A key in Florida is what is called the "Ground Game," making sure that they get out the vote.
"We're knocking on doors, making phone calls, and trying to get other people to (vote early)," said Obama supporter Doris Joaquin.
Hundreds of people were in line for the event hours before Biden even arrived, but the campaign made good use of that time by sending volunteers through the crowd to organize shuttles to the polls.
While Obama carried the Sunshine State four years ago, some of the local party faithful are a bit nervous this time, according to Petersen.
"Ladies and gentlemen, we can win!" Biden told the crowd. "We win Florida, we win this election! Stay with us!"
The president's campaign is well organized in Florida, and a win or a loss likely depends on getting supporters excited and getting them to the polls.
Obama supporter Debbie LaPointe said those voters they should listen to Biden.
"I wouldn't be in my home right now. My kids wouldn't be in college right now, and I think in Marion County, people who are undecided should be here to hear what this is all about," said LaPointe.
According to Marion County's supervisor of elections, early voting in the county is up 33 percent so far this election over 2008.
Earlier, in Sarasota, Biden joked about running for president in 2016.
Biden took a customer's cellphone and engaged the man on the other end -- apparently the customer's brother -- in a lengthy discussion of the health care overhaul law.

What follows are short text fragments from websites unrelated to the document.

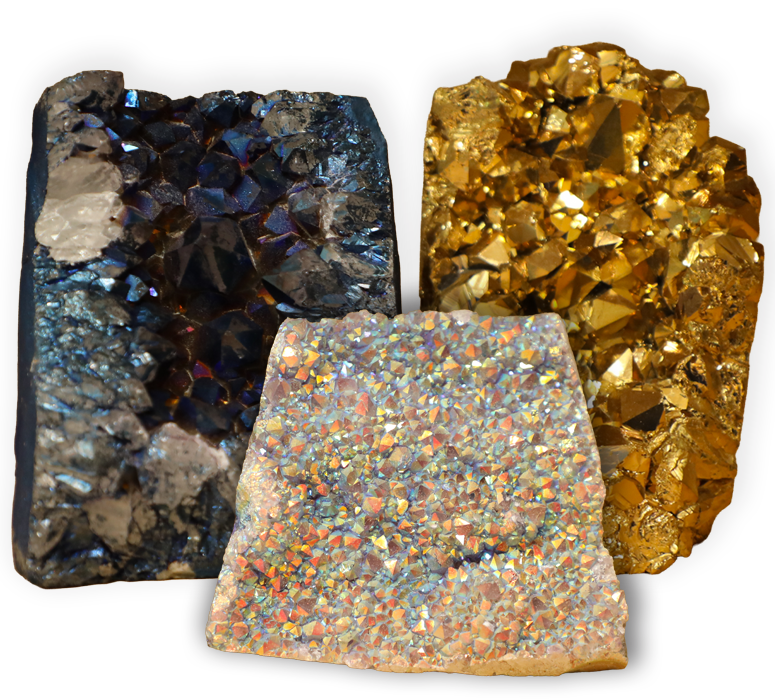 Three Iridescent Geodes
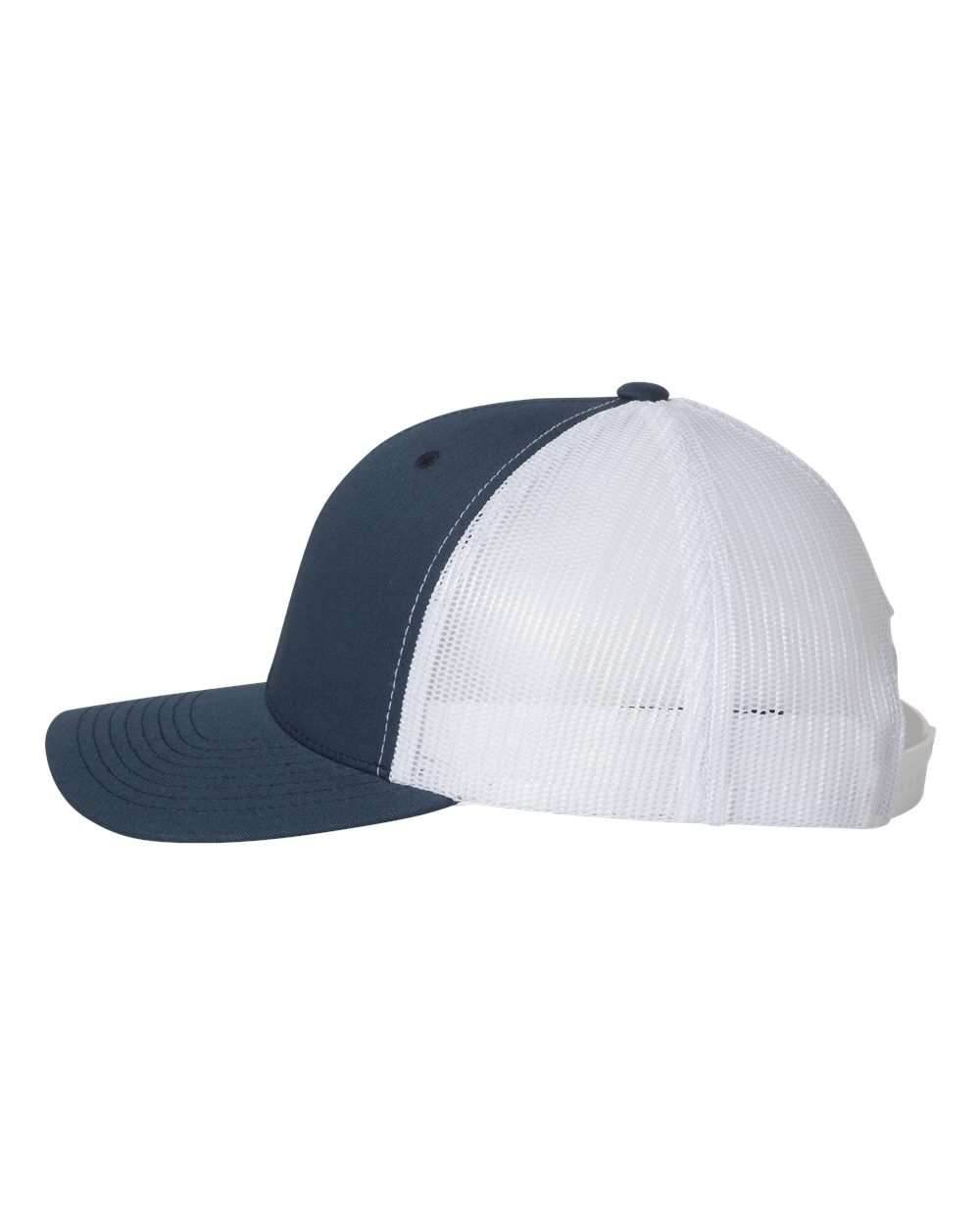Custom YP Classics retro trucker cap by Yupoong with embroidered logo, navy and white colors, adjustable mesh baseball hat.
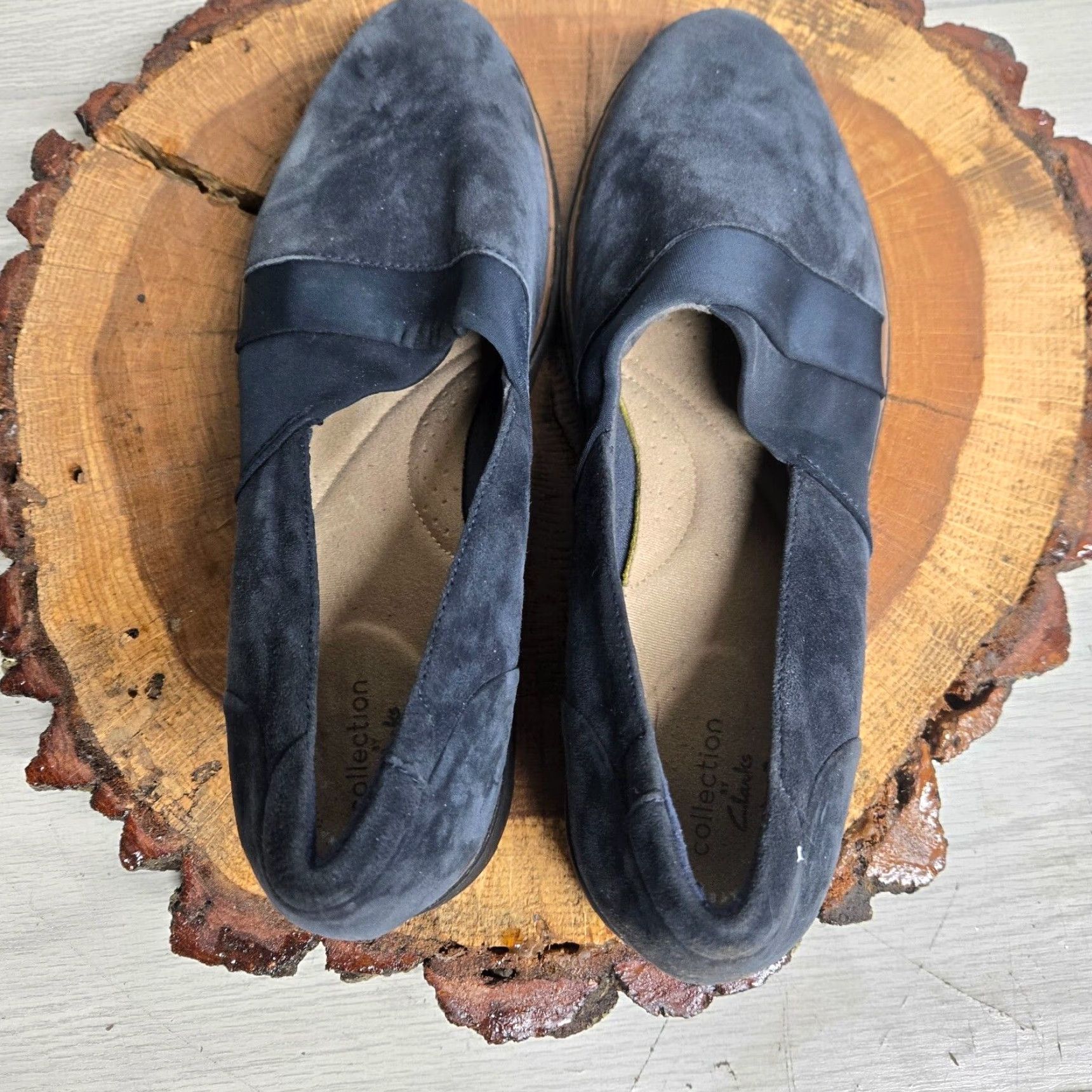 Clarks Clarks Collection Blue Suede Low Wedge Slip-On Loafers Adult Women's 11 Size US 11 / IT 41 - 5 Thumbnail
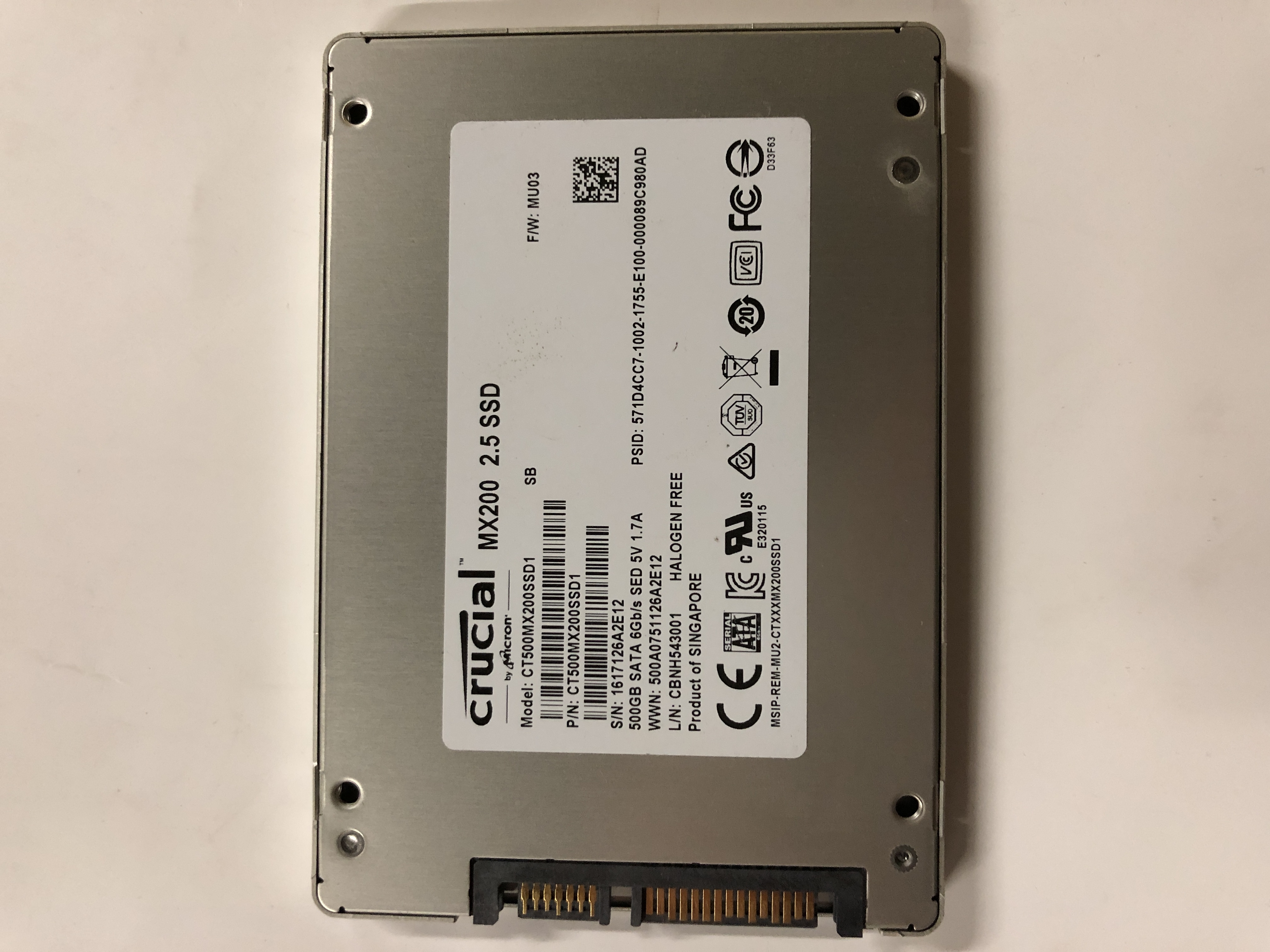 Lot of 5 2.5 SATA 500GB SSD MIX BRAND - Picture 3 of 8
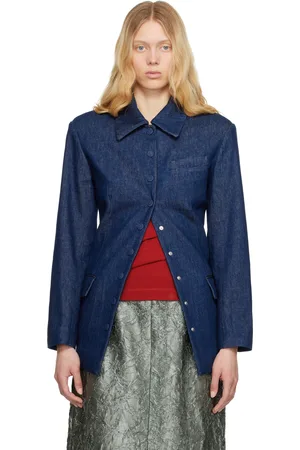 DRIES VAN NOTEN Blouson bleu marine en denim à boutons-pression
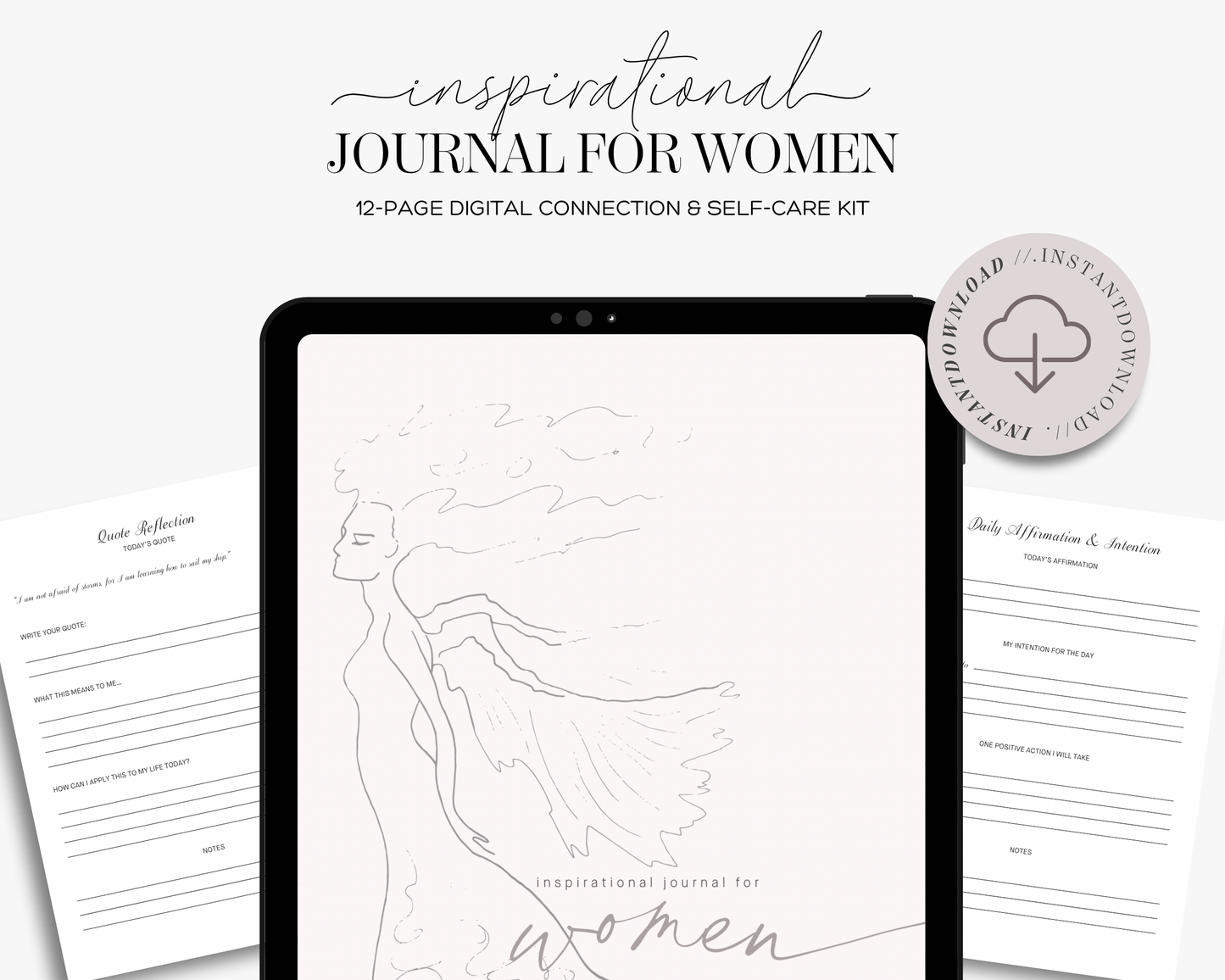 Inspirational Journal for Women PDF | Printable Mental Health Self Care Planner Digital Connection Kit | Daily Mindfulness Reflection Guide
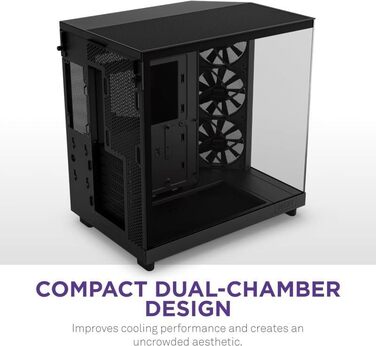 Корпус для ПК NZXT H6 Flow Black, вентиляція, ATX, чорний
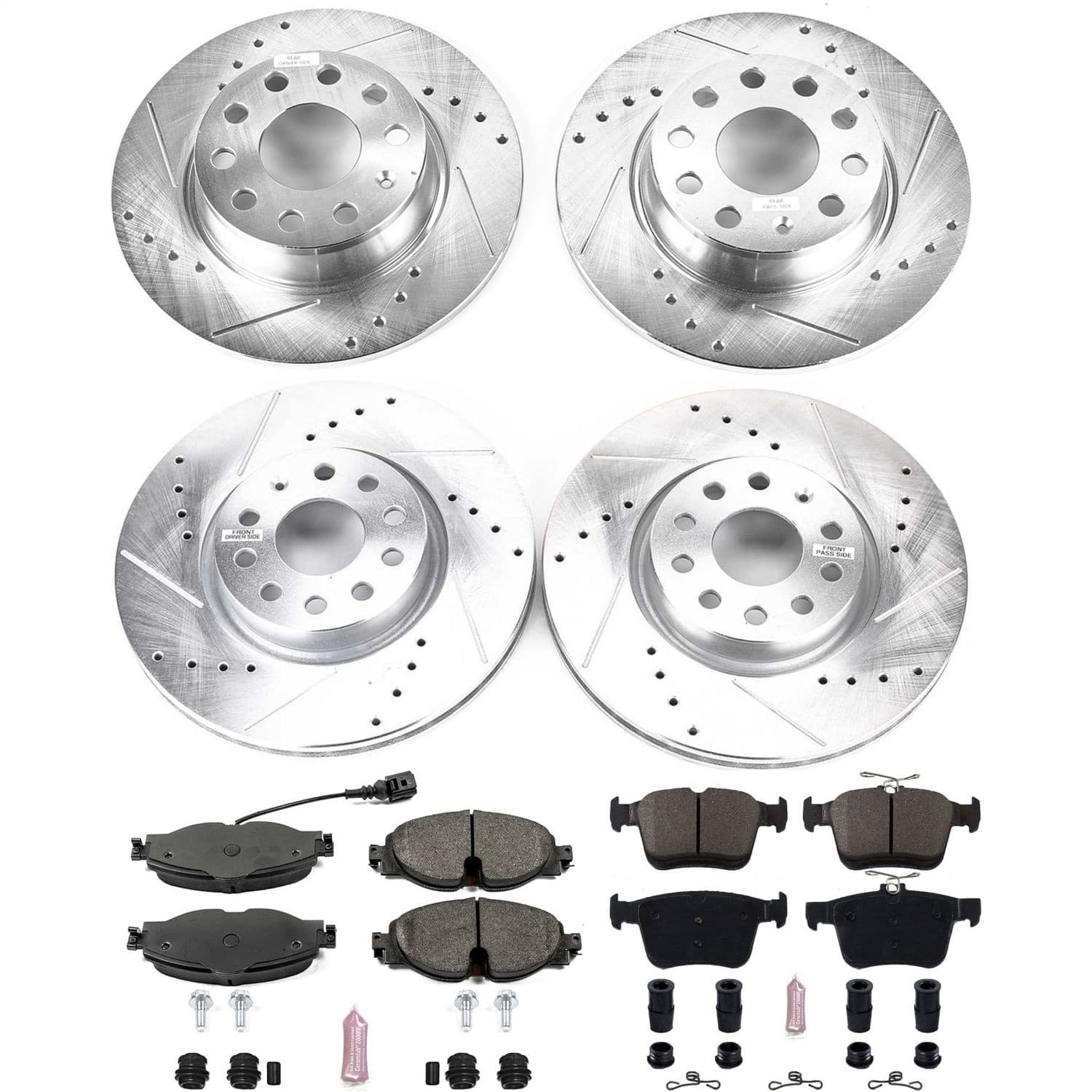 Power Stop - K7502 - Front and Rear - Disc Brake Pad and Rotor Kit image 1
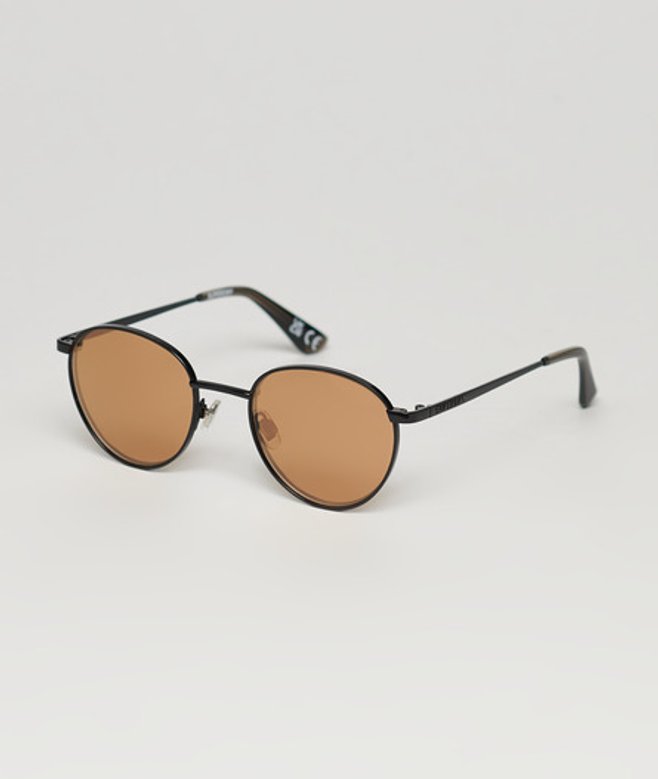 Metalen Sdr Zonnebril met Rond Montuur Zwart Grootte: 1SIZE afbeelding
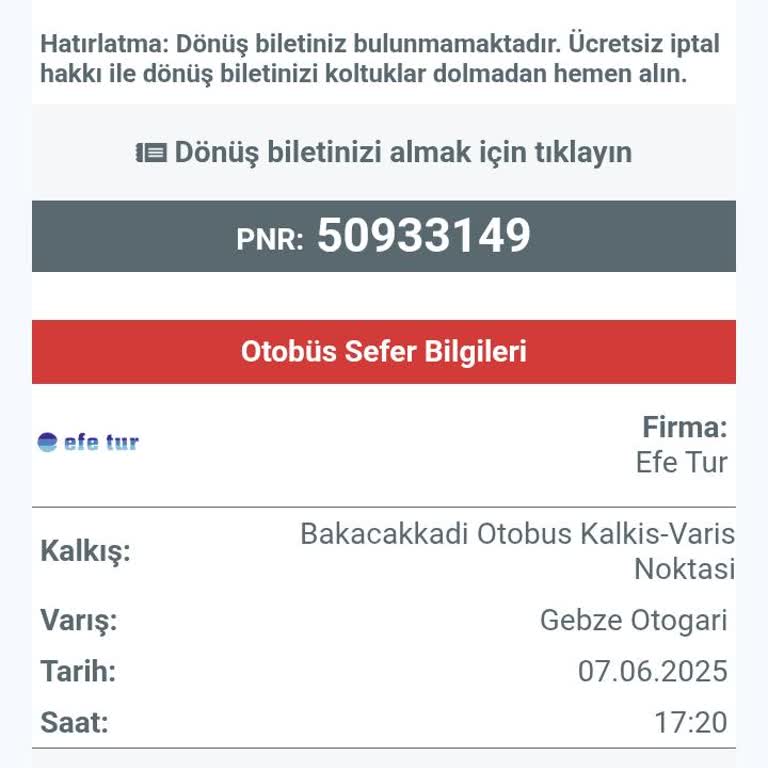 Efetur Otobüsü Beni Durakta Almadan Geçti Para İadesi İstiyorum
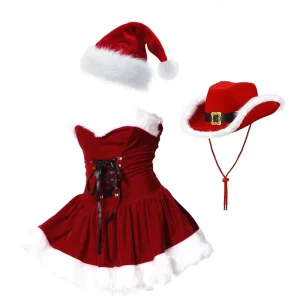 New Christmas Dress Adult Cosplay Santa Claus Costume Party Sexy Women’s Christmas Dress Hat Set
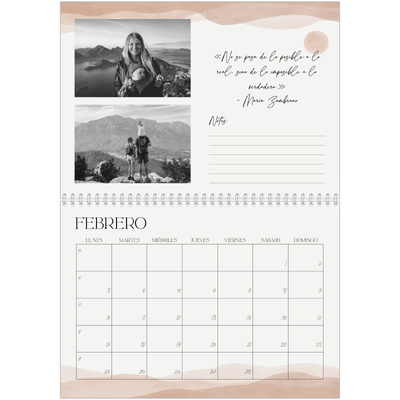 Calendario personalizado doble A4 — Citas que inspiran [Febrero]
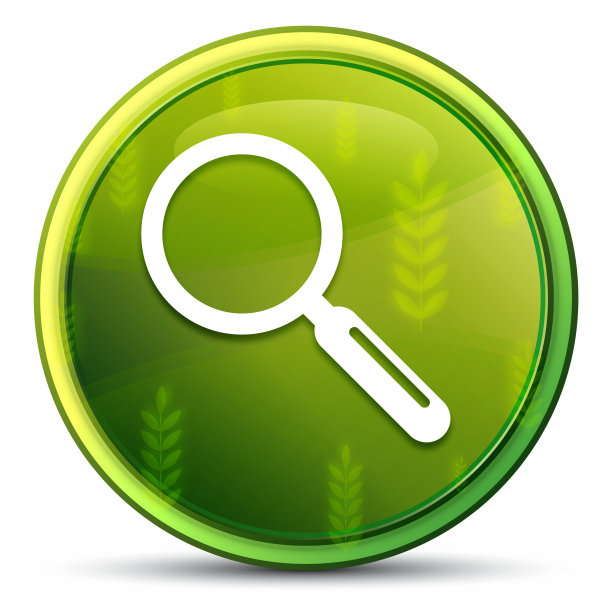 放大镜图标春天明亮自然绿色圆形按钮插图图片下载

After a while, Biden told the man, who seemed to be a Republican, that he wasn't going to argue with him to get his vote. Then Biden said: "After it's all over, when your insurance rates go down, then you'll vote for me in 2016."
Biden's campaign declined to comment on his remark or clarify his plans for 2016.
The exchange followed a political rally in which Biden slammed a GOP ad on the auto industry as "flagrantly dishonest."